### TRY IT
The output should be the listing below, limited to the lines from the one with "資料圖：新能源汽車正在充電?！±畹?攝" through the one with "Standes Pleksi Kapaklı", exact and without pictures.

### THE RECORDS
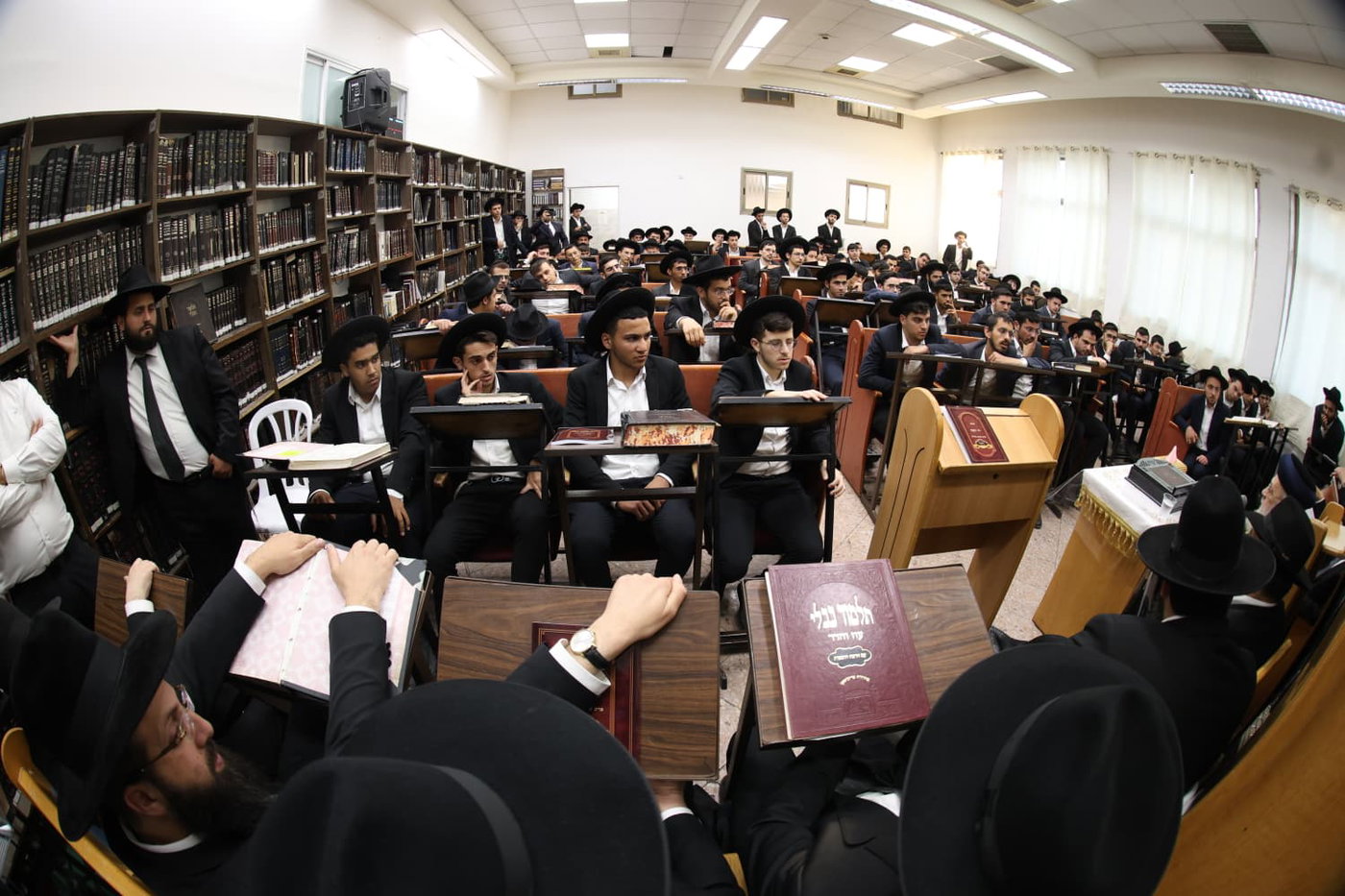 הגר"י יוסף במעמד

* * *

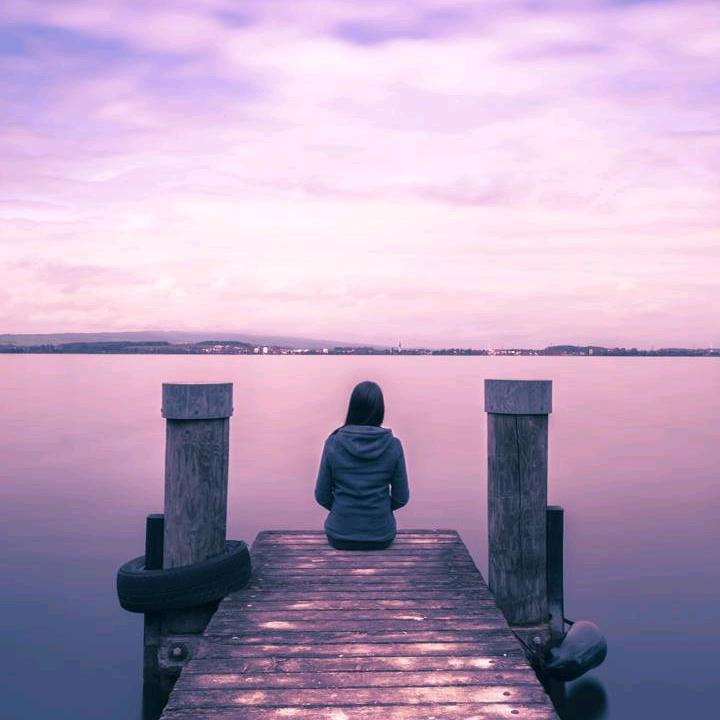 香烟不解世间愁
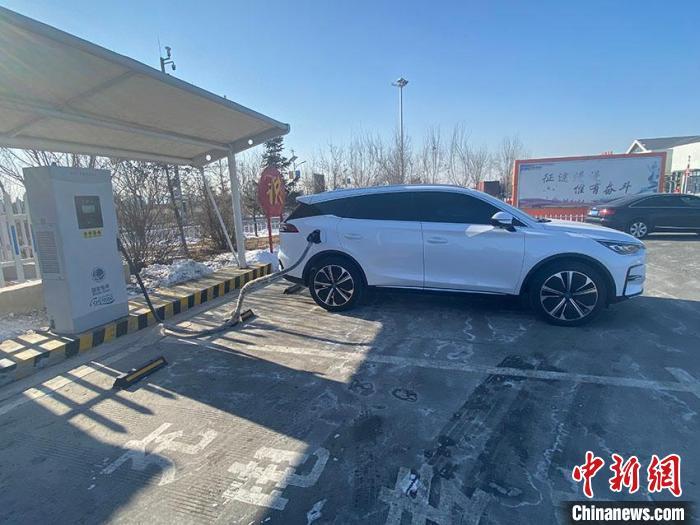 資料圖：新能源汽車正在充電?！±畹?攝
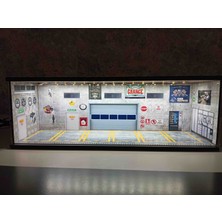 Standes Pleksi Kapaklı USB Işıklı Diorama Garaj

### TASK RESULT
 資料圖：新能源汽車正在充電?！±畹?攝
 Standes Pleksi Kapaklı USB Işıklı Diorama Garaj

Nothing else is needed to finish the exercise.